Calls to investigate Ilhan Omar are growing after a shocking report detailed how she paid her new husband’s consulting firm $878,000 since 2018.
“It should not be allowed,” said attorney Richard W. Painter, who served as chief ethics lawyer in the George W. Bush White House. It should be noted that Painter is now a huge anti-Trumper and even ran as a Dem for the Senate in Minnesota in 2018.
He is no friend to the GOP so if he is saying this you know this is bad. “I think it’s a horrible idea to allow it, given the amount of money that goes into these campaigns from special interests,” he added. “We already have enough problems with gifts to campaigns as a quid pro quo for political action,” he said.
From The New York Post:
Rep. Ilhan Omar has continued quietly funneling hundreds of thousands of dollars to her new husband’s consulting film, including a $189,000 windfall in March — just weeks after they announced they had tied the knot, campaign data shows.

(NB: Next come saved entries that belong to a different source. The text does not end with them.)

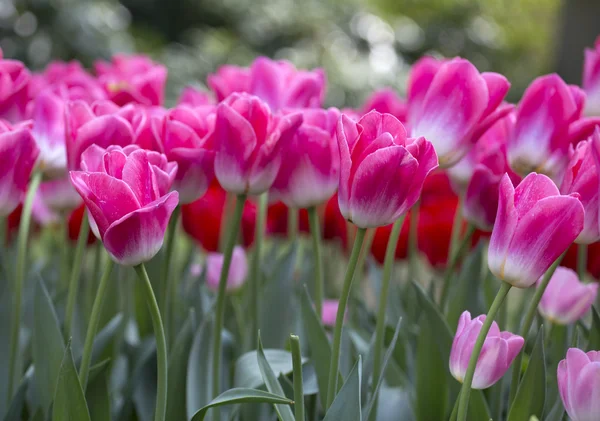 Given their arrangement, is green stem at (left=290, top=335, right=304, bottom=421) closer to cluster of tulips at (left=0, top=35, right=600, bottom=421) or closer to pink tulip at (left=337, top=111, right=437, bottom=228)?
cluster of tulips at (left=0, top=35, right=600, bottom=421)

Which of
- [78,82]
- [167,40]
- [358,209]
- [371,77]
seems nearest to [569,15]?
[371,77]

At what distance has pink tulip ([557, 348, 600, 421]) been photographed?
0.52 meters

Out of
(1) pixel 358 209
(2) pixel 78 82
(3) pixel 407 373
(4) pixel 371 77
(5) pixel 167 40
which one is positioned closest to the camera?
(1) pixel 358 209

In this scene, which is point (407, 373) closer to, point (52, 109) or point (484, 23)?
point (52, 109)

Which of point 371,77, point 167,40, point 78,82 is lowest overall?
point 167,40

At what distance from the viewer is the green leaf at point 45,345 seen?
732 mm

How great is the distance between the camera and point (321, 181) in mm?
732

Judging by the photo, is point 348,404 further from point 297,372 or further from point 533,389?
point 533,389

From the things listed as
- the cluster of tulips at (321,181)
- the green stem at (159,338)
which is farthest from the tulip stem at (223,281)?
the green stem at (159,338)

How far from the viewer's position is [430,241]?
1.32m

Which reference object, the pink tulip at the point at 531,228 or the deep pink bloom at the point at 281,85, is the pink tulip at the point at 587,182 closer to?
the pink tulip at the point at 531,228

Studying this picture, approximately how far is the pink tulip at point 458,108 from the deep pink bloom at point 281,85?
180 millimetres

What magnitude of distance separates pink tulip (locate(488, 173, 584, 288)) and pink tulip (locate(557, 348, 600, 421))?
7cm

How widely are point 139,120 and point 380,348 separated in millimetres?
337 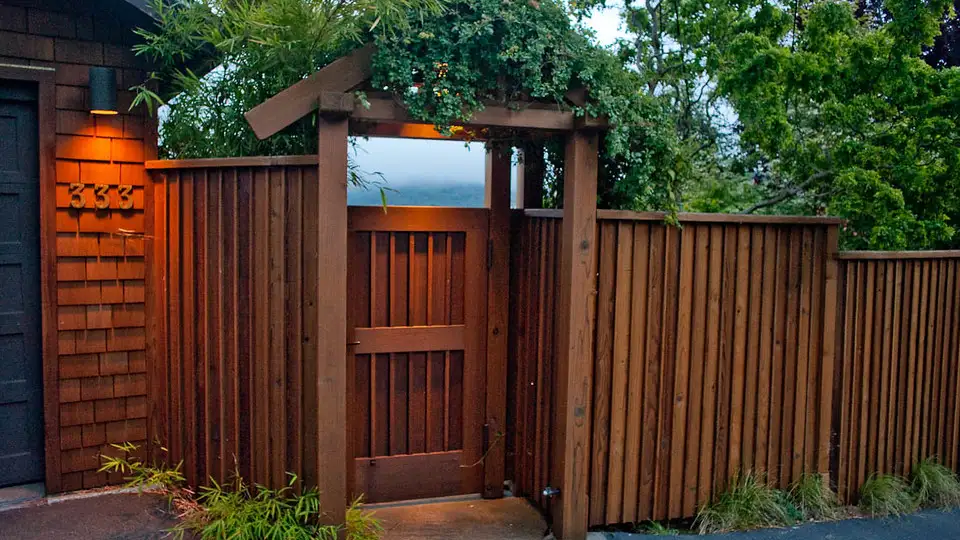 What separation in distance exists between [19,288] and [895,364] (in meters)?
5.12

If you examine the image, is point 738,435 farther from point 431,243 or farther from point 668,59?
point 668,59

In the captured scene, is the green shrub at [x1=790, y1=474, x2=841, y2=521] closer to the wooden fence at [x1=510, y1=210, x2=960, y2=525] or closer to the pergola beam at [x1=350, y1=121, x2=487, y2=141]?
the wooden fence at [x1=510, y1=210, x2=960, y2=525]

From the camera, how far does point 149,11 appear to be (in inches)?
162

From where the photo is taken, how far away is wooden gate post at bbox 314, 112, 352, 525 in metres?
3.53

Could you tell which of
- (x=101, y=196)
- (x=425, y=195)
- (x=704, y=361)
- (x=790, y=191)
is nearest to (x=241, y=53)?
(x=101, y=196)

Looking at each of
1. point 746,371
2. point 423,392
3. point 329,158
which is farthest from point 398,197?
point 746,371

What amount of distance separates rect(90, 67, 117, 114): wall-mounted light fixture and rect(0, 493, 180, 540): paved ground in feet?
6.85

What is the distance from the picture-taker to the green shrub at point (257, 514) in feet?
11.8

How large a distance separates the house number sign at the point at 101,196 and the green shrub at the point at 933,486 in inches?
197

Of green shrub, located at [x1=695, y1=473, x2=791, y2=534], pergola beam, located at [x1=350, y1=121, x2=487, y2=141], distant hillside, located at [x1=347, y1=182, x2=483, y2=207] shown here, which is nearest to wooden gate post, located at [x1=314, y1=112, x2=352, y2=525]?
distant hillside, located at [x1=347, y1=182, x2=483, y2=207]

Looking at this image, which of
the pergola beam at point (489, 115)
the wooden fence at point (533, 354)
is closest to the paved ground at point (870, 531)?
the wooden fence at point (533, 354)

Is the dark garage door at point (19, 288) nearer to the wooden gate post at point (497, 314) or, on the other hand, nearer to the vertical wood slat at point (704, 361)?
the wooden gate post at point (497, 314)

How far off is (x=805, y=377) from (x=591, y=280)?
5.13 ft

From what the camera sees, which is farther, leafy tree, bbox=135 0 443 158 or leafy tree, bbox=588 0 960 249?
leafy tree, bbox=588 0 960 249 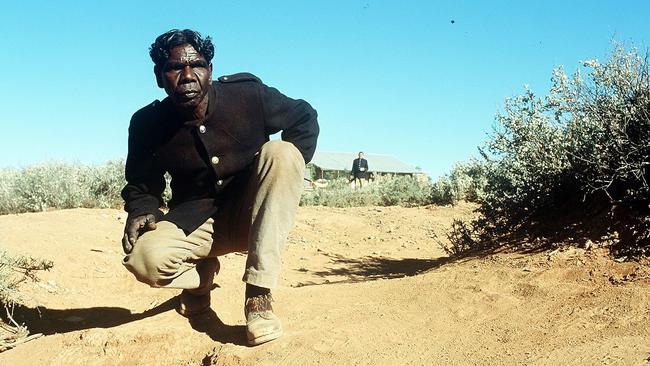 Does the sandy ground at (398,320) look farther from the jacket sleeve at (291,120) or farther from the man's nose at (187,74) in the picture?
the man's nose at (187,74)

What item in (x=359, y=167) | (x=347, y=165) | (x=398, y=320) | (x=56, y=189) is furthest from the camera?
(x=347, y=165)

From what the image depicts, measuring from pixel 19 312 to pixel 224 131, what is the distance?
2.26 m

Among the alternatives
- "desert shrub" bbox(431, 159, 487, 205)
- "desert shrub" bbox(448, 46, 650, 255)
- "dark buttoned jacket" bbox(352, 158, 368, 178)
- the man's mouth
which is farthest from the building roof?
the man's mouth

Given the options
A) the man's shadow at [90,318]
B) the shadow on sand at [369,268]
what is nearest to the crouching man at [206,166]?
the man's shadow at [90,318]

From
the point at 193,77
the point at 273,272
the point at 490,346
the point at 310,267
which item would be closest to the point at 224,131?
the point at 193,77

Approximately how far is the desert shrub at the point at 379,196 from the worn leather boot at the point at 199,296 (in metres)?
9.49

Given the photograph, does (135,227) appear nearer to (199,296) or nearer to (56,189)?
(199,296)

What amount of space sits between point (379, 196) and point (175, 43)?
11.0m

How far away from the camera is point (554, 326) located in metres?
2.74

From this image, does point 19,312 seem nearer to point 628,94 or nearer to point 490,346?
point 490,346

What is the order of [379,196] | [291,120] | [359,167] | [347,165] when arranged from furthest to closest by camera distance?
[347,165]
[359,167]
[379,196]
[291,120]

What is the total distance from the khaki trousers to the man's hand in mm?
39

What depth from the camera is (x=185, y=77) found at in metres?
3.24

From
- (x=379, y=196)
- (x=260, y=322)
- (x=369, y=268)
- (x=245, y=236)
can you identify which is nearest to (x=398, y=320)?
(x=260, y=322) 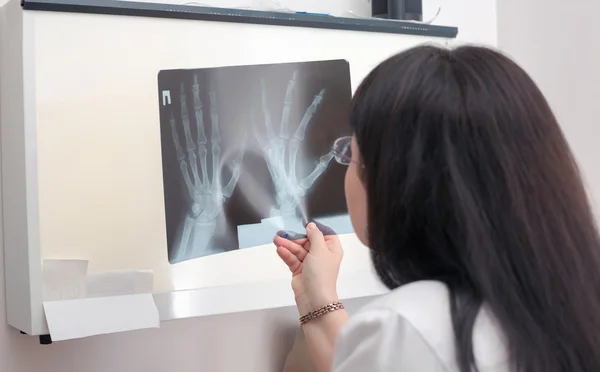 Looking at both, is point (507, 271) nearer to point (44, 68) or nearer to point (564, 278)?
point (564, 278)

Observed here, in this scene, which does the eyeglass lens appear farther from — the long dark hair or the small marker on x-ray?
the small marker on x-ray

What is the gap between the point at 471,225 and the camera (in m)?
0.71

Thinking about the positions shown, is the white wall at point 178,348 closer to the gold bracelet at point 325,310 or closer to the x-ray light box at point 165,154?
the x-ray light box at point 165,154

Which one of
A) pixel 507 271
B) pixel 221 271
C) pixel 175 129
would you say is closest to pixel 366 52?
pixel 175 129

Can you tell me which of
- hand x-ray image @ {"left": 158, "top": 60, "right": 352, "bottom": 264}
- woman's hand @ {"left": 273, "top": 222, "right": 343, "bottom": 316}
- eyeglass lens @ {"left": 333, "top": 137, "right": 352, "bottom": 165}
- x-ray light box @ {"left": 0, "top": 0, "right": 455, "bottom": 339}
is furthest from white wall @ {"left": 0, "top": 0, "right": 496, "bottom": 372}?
eyeglass lens @ {"left": 333, "top": 137, "right": 352, "bottom": 165}

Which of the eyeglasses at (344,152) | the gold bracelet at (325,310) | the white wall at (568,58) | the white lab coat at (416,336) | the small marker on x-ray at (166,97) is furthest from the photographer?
the white wall at (568,58)

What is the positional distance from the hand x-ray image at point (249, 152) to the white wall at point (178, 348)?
0.24 metres

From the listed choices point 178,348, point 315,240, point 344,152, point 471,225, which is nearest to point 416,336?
point 471,225

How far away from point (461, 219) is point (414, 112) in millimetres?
130

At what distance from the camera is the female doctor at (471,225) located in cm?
70

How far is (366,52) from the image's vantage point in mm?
1394

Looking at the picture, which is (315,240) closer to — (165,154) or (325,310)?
(325,310)

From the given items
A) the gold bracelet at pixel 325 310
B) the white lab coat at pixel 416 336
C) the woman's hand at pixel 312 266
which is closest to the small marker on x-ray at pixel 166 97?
the woman's hand at pixel 312 266

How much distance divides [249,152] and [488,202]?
24.9 inches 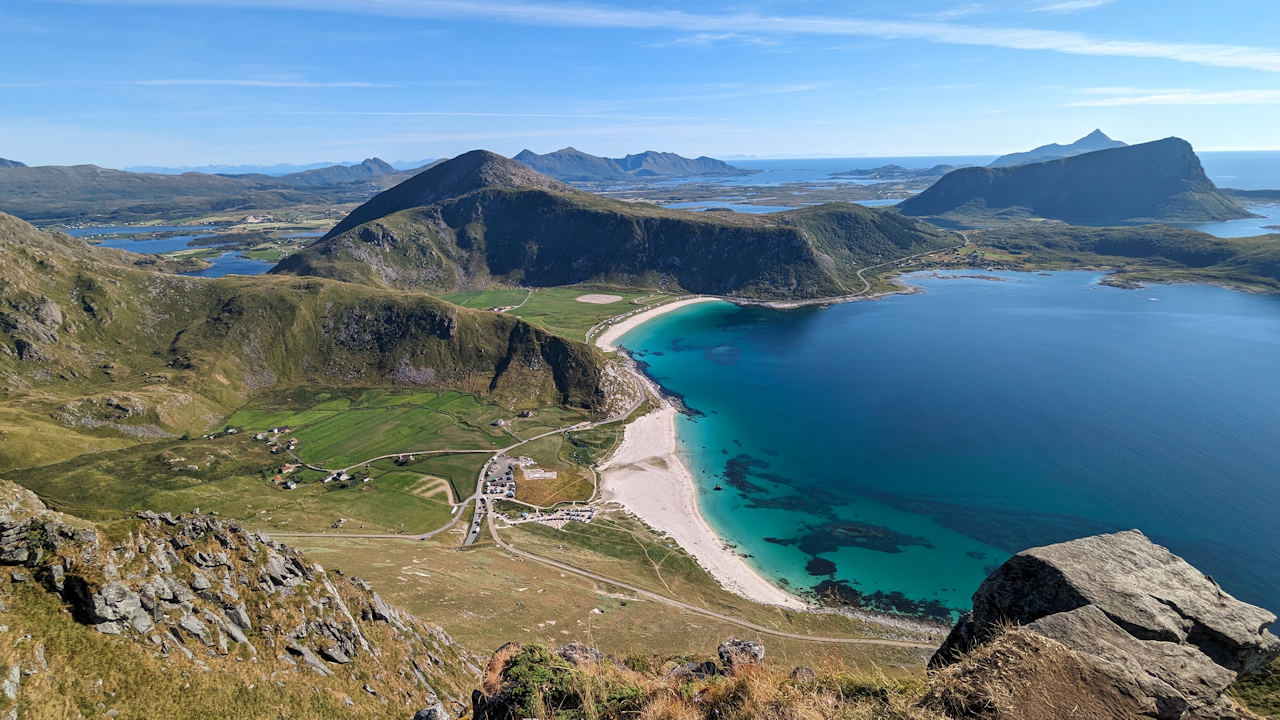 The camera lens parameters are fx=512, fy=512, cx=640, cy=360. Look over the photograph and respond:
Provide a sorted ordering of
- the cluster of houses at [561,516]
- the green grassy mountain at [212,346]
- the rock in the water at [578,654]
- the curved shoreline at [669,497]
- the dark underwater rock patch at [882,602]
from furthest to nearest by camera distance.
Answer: the green grassy mountain at [212,346] < the cluster of houses at [561,516] < the curved shoreline at [669,497] < the dark underwater rock patch at [882,602] < the rock in the water at [578,654]

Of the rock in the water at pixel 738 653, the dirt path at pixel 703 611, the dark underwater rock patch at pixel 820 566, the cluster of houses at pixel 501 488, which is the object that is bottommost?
the dark underwater rock patch at pixel 820 566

The payments between the Minneapolis Democratic congresswoman and Tim Mynett prompted at least one ethics complaint in 2019 after The Post first revealed allegations — made by Mynett’s then-wife in her divorce filing — that Omar was having an affair with the member of her political consulting team, who was at the time married to another woman. Omar was married to her second husband at the time.
But that doesn’t appear to have stopped the now-married couple, with Mynett’s E Street Group collecting $292,814.99 from his wife’s campaign this year for digital advertising, fundraising consulting and research services, according to the Federal Election Commission filings.
In total, Mynett has received a whopping $878,930.65 from Omar’s campaign since he began working for her in 2018, raising eyebrows among watchdogs and political law experts who say the practice is rife with cronyism.
The majority of those payments were made after the Somali-born lawmaker’s victory in the solidly Democratic district in the November 2018 midterm elections.
From Fox News:
A Virginia-based conservative group called the National Legal and Policy Center filed a complaint against Omar last year, after it was disclosed that Omar and Mynett were lovers. The group sought an FEC investigation.
If the FEC does investigate, Omar and Mynett will have to prove that Omar is paying market-based rates for E Street Group’s services, without the prices being inflated “to fluff up their income,” Washington-based political lawyer Cleta Mitchell told the Post.
Omar claimed on Twitter in March that she and Mynett received an OK from federal authorities to continue their business relationship.
“We consulted with a top FEC campaign attorney to ensure there were no possible legal issues with our relationship. We were told this is not uncommon and that no, there weren’t,” Omar wrote.